• [WORK TASK] Repeat the listing below word for word, minus the pictures.

• [STORED DATA]

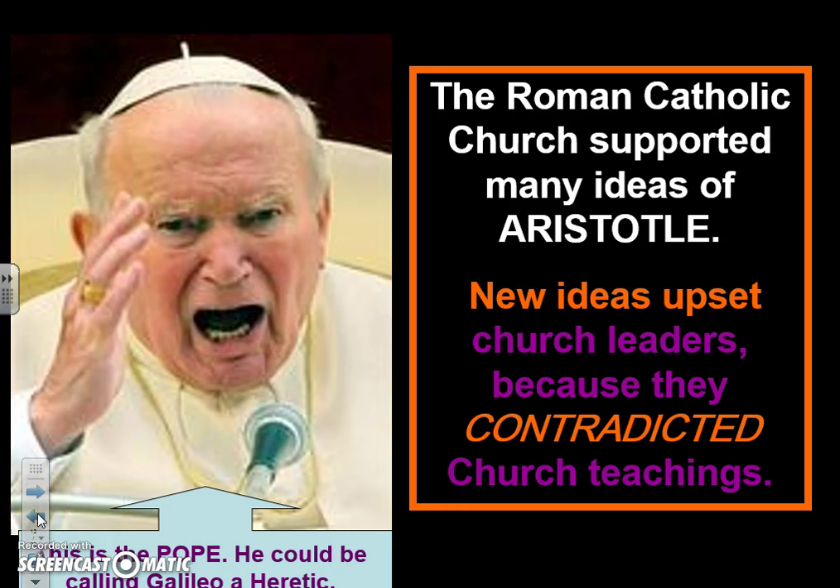So Copernicus, Ptolemy, and all these scientists are trying to figure out how the earth works, where we are in the universe, and how the human body works. Some of what they came up with went against the church's teachings. When Copernicus said the earth is not the center of the universe — it's the sun, the heliocentric theory — the church lost their minds. What do you mean the church is wrong? The church is infallible.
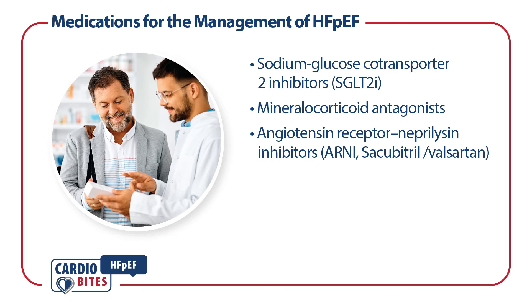The angiotensin receptor neprilysin inhibitor sacubitril/valsartan can also reduce the risk of heart failure hospitalizations.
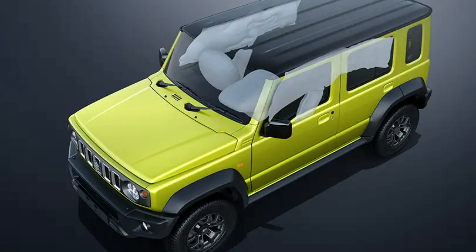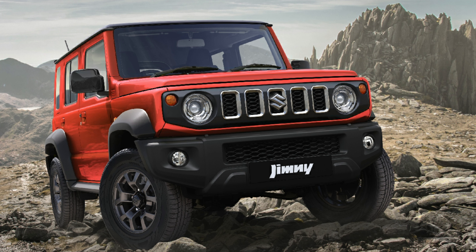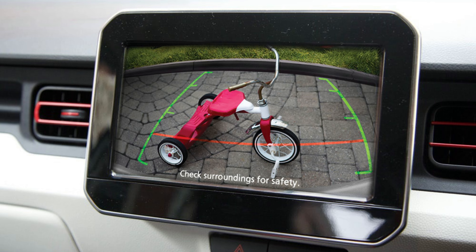The Jimny comes with 6 airbags, ABS with EBD, hill hold and hill descent control, ESP, brake limited-slip differential, and a rear-view camera.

• [THE COMPLETED TASK]
So Copernicus, Ptolemy, and all these scientists are trying to figure out how the earth works, where we are in the universe, and how the human body works. Some of what they came up with went against the church's teachings. When Copernicus said the earth is not the center of the universe — it's the sun, the heliocentric theory — the church lost their minds. What do you mean the church is wrong? The church is infallible.
The angiotensin receptor neprilysin inhibitor sacubitril/valsartan can also reduce the risk of heart failure hospitalizations.
The Jimny comes with 6 airbags, ABS with EBD, hill hold and hill descent control, ESP, brake limited-slip differential, and a rear-view camera.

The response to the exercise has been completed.